Are there situations where a call to mqtt_publish are *expected* to block? I read into the library a bit and the only thing I see obviously is the mqtt_mutex_lock which shouldn't be my problem since all MQTT library calls are coming from one thread.
In my case, I do have quite a lot of unsolicited modem status messages being handled in a different thread via it's own fd handle that was opened like this:
at_socket_fd = socket(AF_LTE, 0, NPROTO_AT);
Do I need to treat the MQTT and AT handles as "one" for some purposes? I had assumed not, but I might have missed something and I have a hunch that my lockup might be happening when both threads are accessing their handles at the same time.
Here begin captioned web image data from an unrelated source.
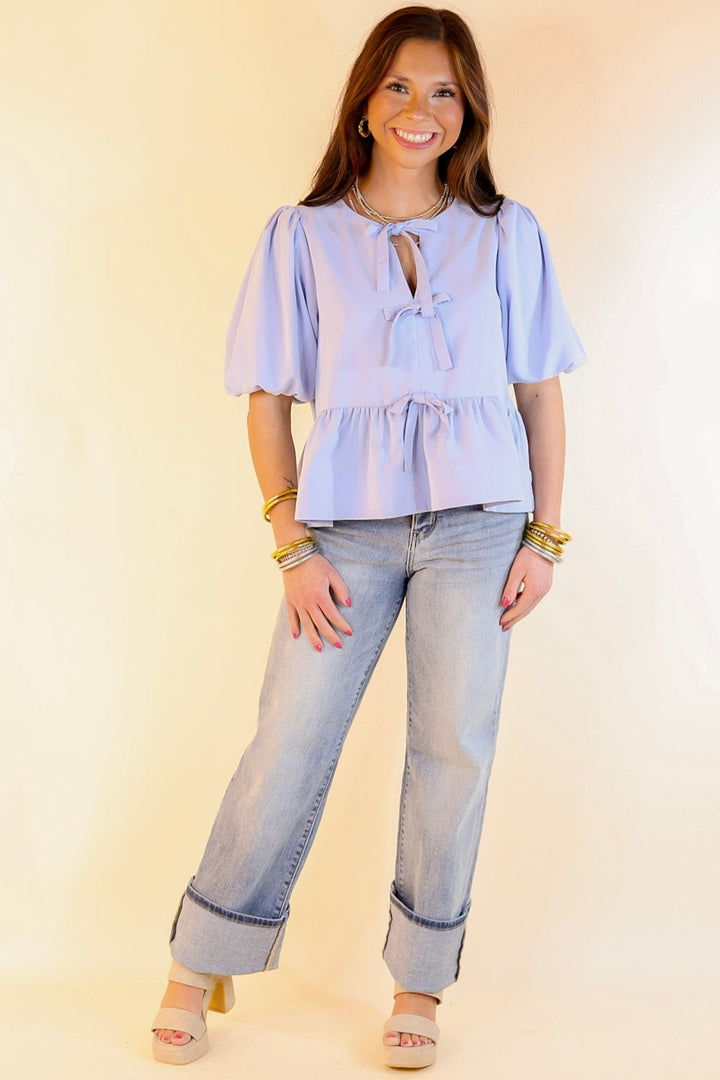 Simply Stunning Short Puff Sleeve Peplum Top with Bow Tie Detailing in Baby Blue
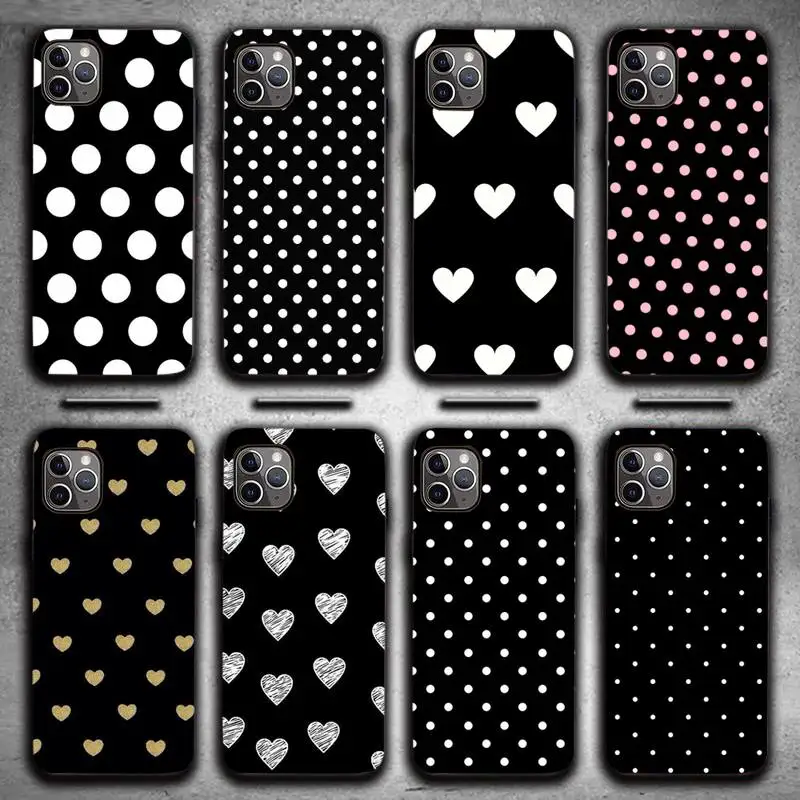 

Polka Dot Art Cute Soft Silicone Phone Case For Iphone 7 8 Plus 11 12 Pro MiniX XS MAX XR SE 2020 Shockproof Back Cover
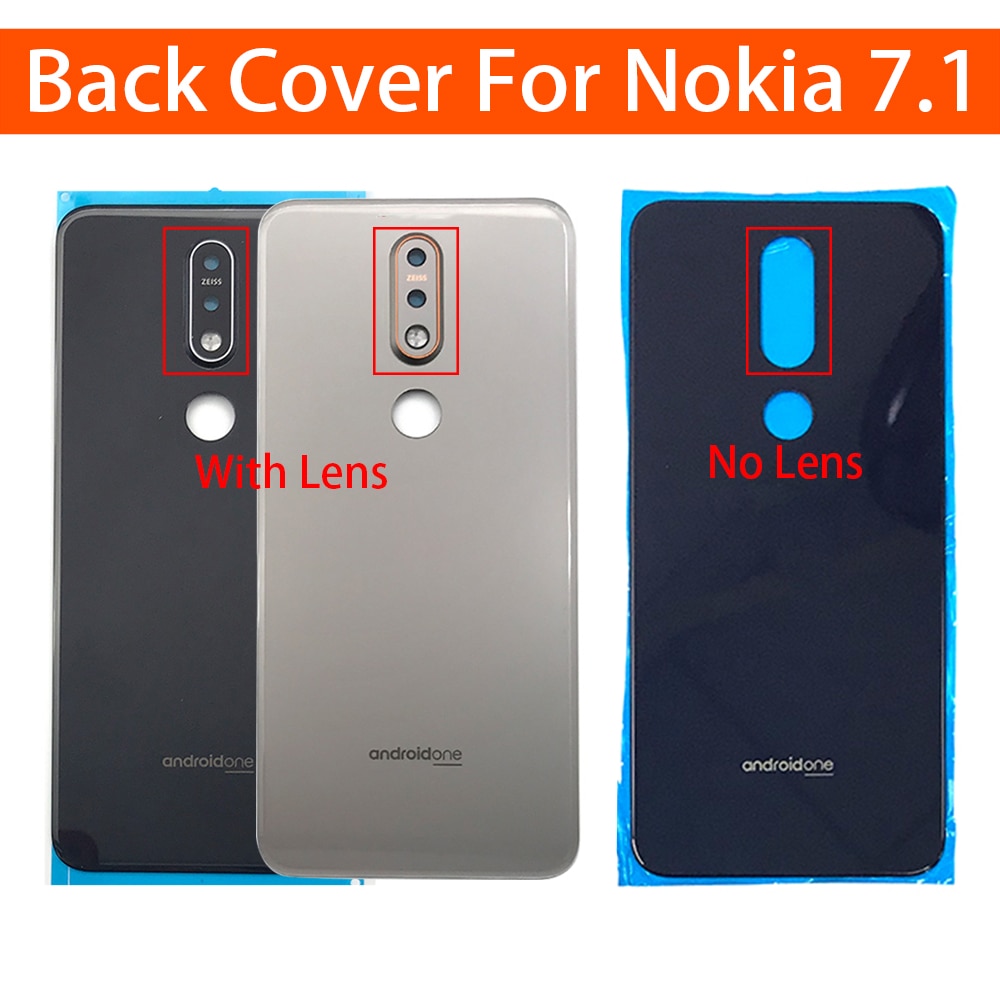Back Glass Rear Cover Voor Nokia 7.1 Batterij Deur Behuizing Batterij Back Cover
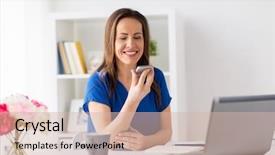  Presentation with communication - Colorful PPT theme enhanced with happy woman using voice command backdrop and a soft green colored foreground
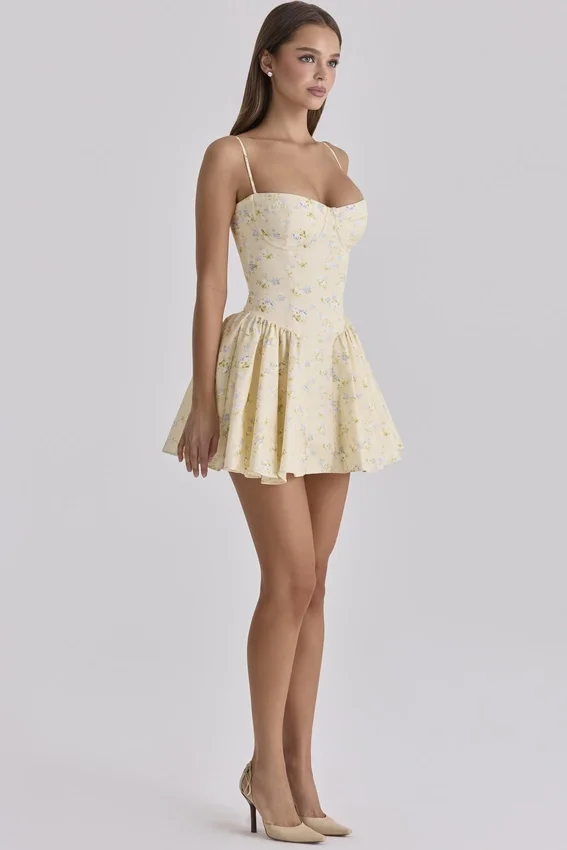 Samaria Lemon Floral Print Cotton Corset Mini Dress Samaria Lemon Floral Print Cotton Corset Mini Dress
I haven't proven this yet, I'm just suspicious since the lockup started happening vaguely around the same time I enabled all the unsolicited AT reporting.
My setup is using modem firmware mfw_nrf9160_1.0.0 and NRF v0.4.0. I was waiting for NRF v1.0.0 before jumping up since I'm going to have to rewrite my FOTA code to the new library. I'll likely be doing that sometime this week.
Mildly related: the MQTT library logging is way too quiet on LOG_INF and way too noisy (and buggy) on LOG_DBG. By "buggy" I mean that it makes a lot of assumptions about terminated strings that are wrong.